Task prompt: Identify each line in the records below that contains the word "pink", and copy it.

[Recorded data]
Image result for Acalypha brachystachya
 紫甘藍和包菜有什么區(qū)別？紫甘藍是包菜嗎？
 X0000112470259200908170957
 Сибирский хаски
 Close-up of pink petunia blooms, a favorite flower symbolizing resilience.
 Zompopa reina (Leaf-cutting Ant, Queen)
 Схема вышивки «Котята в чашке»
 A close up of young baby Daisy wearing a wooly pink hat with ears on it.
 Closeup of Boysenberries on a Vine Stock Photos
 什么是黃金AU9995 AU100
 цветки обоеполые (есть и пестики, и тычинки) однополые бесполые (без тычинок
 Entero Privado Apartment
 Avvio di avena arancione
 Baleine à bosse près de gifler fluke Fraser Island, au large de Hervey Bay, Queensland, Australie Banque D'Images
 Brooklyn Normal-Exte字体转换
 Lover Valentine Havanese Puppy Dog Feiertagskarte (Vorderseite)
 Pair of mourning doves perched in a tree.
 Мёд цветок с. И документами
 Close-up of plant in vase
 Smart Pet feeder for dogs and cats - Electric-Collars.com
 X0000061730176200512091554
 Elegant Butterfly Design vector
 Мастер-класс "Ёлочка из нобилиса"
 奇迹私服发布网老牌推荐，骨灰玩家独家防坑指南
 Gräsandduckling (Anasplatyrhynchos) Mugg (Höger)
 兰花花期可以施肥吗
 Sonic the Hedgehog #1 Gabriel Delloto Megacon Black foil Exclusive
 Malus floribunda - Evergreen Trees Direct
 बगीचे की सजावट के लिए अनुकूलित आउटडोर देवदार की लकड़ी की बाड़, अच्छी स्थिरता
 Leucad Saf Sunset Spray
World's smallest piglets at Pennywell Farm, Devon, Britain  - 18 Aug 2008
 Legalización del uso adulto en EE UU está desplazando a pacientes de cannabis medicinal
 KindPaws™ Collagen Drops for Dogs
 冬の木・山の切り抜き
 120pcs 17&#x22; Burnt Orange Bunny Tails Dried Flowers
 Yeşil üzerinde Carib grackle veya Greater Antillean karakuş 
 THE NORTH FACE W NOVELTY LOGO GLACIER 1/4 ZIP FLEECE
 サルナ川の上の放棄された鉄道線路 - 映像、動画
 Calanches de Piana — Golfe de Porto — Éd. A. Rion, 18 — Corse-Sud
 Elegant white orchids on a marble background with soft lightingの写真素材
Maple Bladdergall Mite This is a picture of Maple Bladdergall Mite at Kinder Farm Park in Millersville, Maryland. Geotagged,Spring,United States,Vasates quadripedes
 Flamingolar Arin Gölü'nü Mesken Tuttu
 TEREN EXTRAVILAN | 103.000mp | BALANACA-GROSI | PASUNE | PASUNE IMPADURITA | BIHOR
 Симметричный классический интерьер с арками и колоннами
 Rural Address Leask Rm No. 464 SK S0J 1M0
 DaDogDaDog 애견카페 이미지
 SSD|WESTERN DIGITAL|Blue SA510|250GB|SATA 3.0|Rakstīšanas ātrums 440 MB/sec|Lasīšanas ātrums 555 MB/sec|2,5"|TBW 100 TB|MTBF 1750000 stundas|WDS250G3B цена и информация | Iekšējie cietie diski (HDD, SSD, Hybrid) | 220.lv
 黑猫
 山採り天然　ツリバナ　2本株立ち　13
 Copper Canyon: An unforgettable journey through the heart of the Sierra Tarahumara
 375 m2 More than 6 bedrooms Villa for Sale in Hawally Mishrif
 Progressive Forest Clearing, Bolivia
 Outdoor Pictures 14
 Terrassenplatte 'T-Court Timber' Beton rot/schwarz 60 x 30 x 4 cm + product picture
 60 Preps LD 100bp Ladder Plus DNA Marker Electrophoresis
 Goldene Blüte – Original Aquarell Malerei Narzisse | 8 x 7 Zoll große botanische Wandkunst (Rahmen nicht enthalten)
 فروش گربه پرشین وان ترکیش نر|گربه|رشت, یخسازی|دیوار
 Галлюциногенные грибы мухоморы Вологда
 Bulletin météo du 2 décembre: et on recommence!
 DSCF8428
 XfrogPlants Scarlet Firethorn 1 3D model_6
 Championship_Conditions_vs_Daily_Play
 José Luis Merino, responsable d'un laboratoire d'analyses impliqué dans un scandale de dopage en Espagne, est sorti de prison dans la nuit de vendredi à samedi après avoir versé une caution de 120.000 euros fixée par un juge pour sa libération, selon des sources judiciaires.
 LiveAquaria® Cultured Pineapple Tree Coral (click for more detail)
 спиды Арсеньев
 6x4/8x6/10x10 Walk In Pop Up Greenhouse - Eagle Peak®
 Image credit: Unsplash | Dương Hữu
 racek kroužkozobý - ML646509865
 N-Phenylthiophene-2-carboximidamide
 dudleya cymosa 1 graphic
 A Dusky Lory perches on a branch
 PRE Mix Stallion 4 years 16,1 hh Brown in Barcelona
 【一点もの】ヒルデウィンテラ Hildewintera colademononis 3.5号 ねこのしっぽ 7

Answer section:
 Close-up of pink petunia blooms, a favorite flower symbolizing resilience.
 A close up of young baby Daisy wearing a wooly pink hat with ears on it.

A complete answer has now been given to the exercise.